┌──

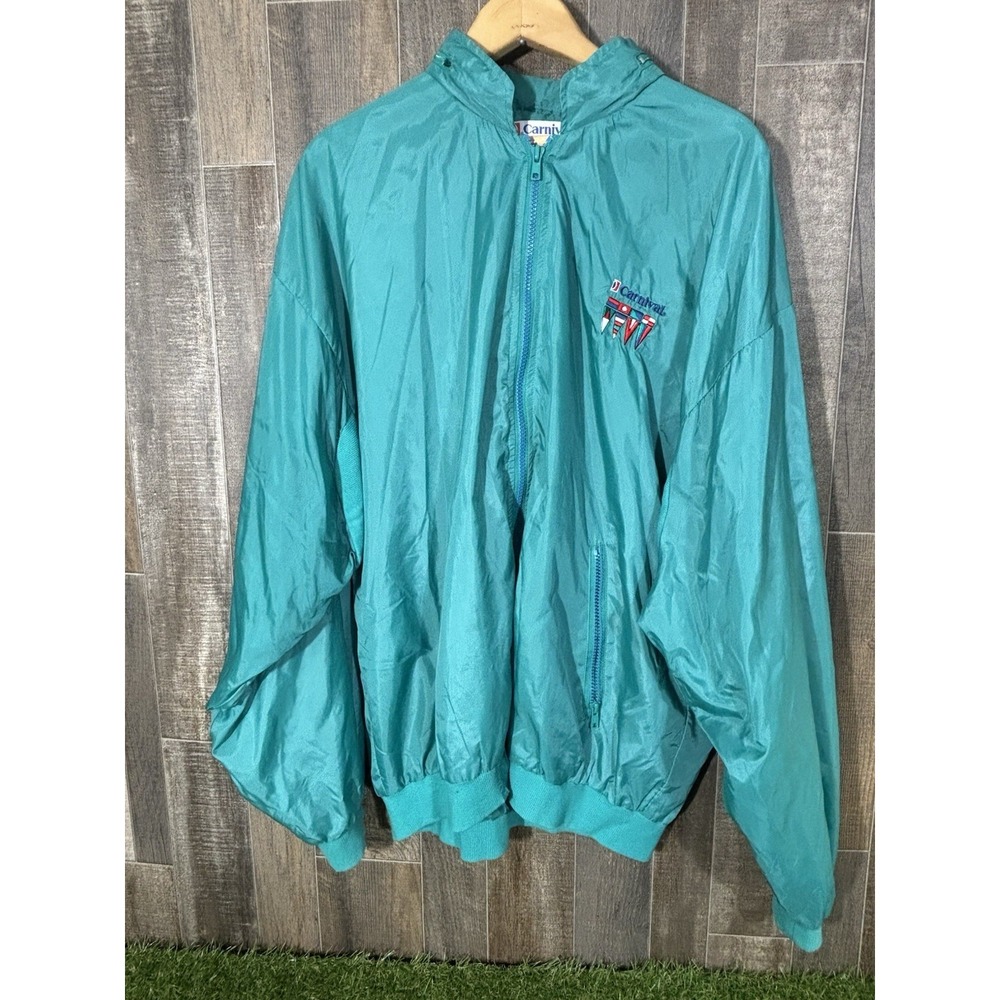 Vintage Carnival Cruise Windbreaker Jacket Teal Nylon Men's Large‎ Retro 80s 90s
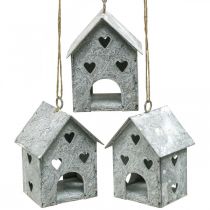 Artículo Colgante navideño casa de metal Shabby Chic H9.5cm 3 piezas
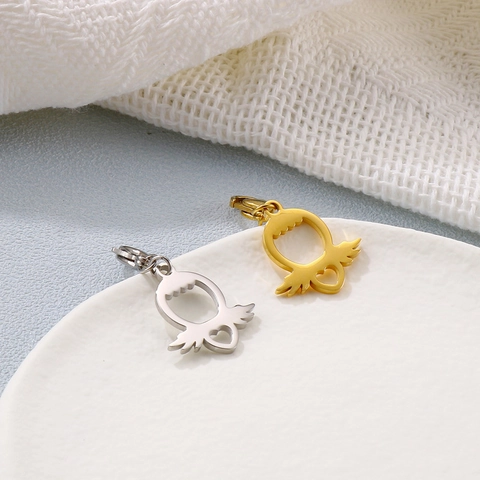 Colgante De Corazón Con Ala De Ángel De Acero Inoxidable Con Cierre De Langosta Accesorios De Joyería DIY Color Oro Plata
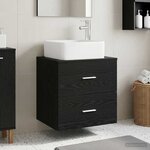 vidaXL Vanité de lavabo mural Chêne noir 49 5 x 41 x 63 cm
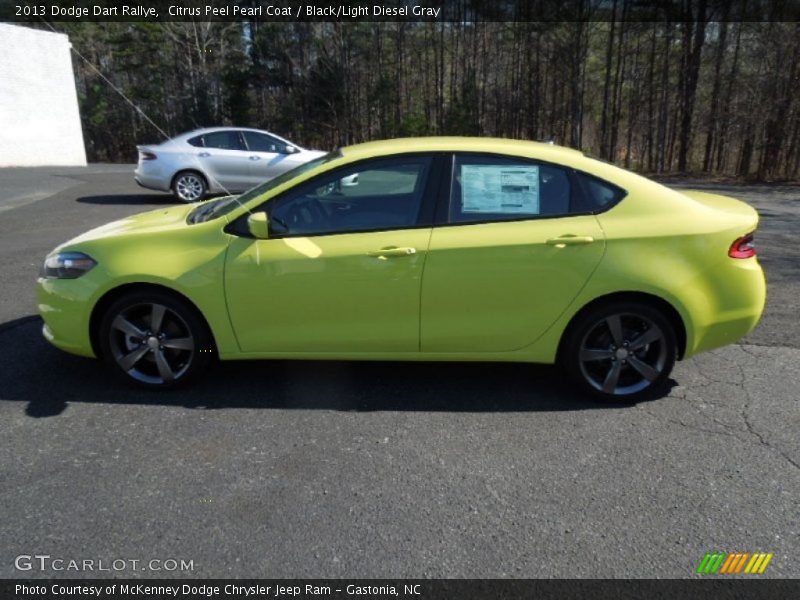 Citrus Peel Pearl Coat / Black/Light Diesel Gray 2013 Dodge Dart Rallye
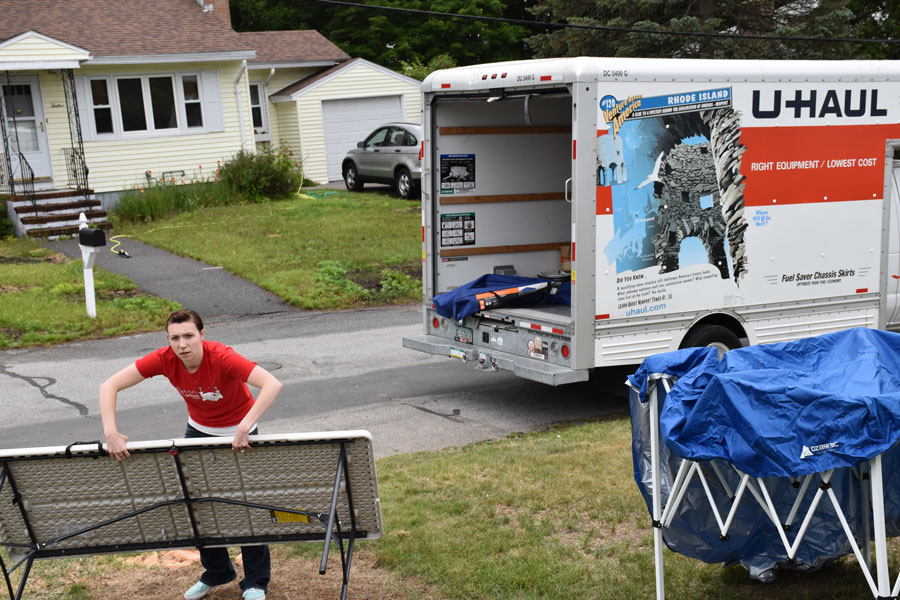 Step 1! Set up tents and tables!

└──

PROBLEM TO SOLVE: Now repeat exactly the lines from the one with "Artículo Colgante navideño" through the end of the listing above, both included, omitting all pictures.

TASK SOLUTION:
 Artículo Colgante navideño casa de metal Shabby Chic H9.5cm 3 piezas
 Colgante De Corazón Con Ala De Ángel De Acero Inoxidable Con Cierre De Langosta Accesorios De Joyería DIY Color Oro Plata
 vidaXL Vanité de lavabo mural Chêne noir 49 5 x 41 x 63 cm
 Citrus Peel Pearl Coat / Black/Light Diesel Gray 2013 Dodge Dart Rallye
 Step 1! Set up tents and tables!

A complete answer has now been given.